Seeing His Face

Sometimes we need to sort out how to reconcile scripture with scripture. Recently I read some comments about whether or not a person could see God’s face, and while I have had thoughts about it over the years, I had never actually studied the issue so I decided to look at it. Many people have used the following passage to assert that no one can see God’s face. Primarily because that is plainly what the text states.

18 And he said, “Please, show me Your glory.” 19 Then He said, “I will make all My goodness pass before you, and I will proclaim the name of the Lord before you. I will be gracious to whom I will be gracious, and I will have compassion on whom I will have compassion.” 20 But He said, “You cannot see My face; for no man shall see Me, and live.” Exodus 33:18–20 (NKJV)

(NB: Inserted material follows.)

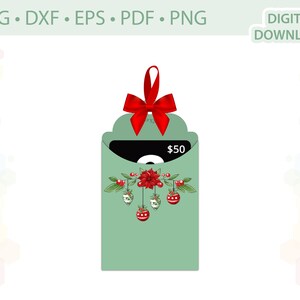 Modello per porta carte regalo con tag natalizio .svg .dxf .eps .pdf .png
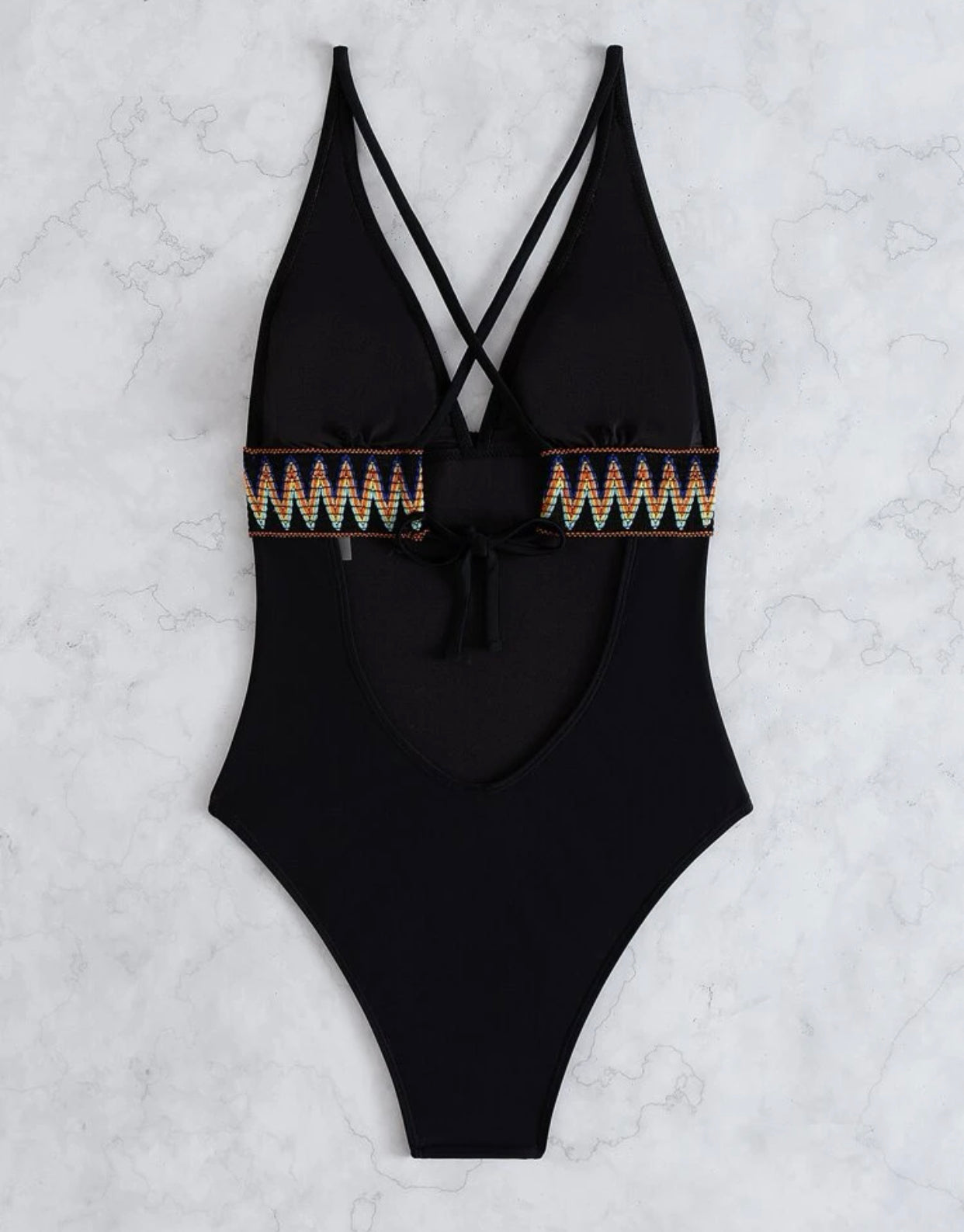 Geo tape plunging one piece swimsuit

Yet in spite of what the passage says, we have a number of examples in scripture of people seeing Yahweh so it seems important to consider what this sentence means, “You cannot see My face; for no man shall see Me, and live.” The Hebrew word means face and a more literal translation of ‘see Me, and live’ is ‘see Me, and remain alive.’ So obviously the phrase means what it says. At the same time context is important and here it is the Father speaking, as earlier in the chapter He refers to the Angel He would send with them, a theophany of the preincarnate Jesus. We also have in Exodus 33:11 Yahweh speaking to Moses ‘face to face’ but nothing to suggest Moses was gazing on Yahweh’s face so the salient point seems to be not ‘seeing’ Yahweh’s face fully revealed. Still later where we have the prohibition against seeing Yahweh’s face, Moses is allowed to gaze at Yahweh’s back (33:20-23, 34:5-7).

Now, we will ‘look’ at some examples from scripture of individuals seeing God. Clearly, prior to Moses there was an awareness of the danger of seeing Yahweh based on Jacob’s comment.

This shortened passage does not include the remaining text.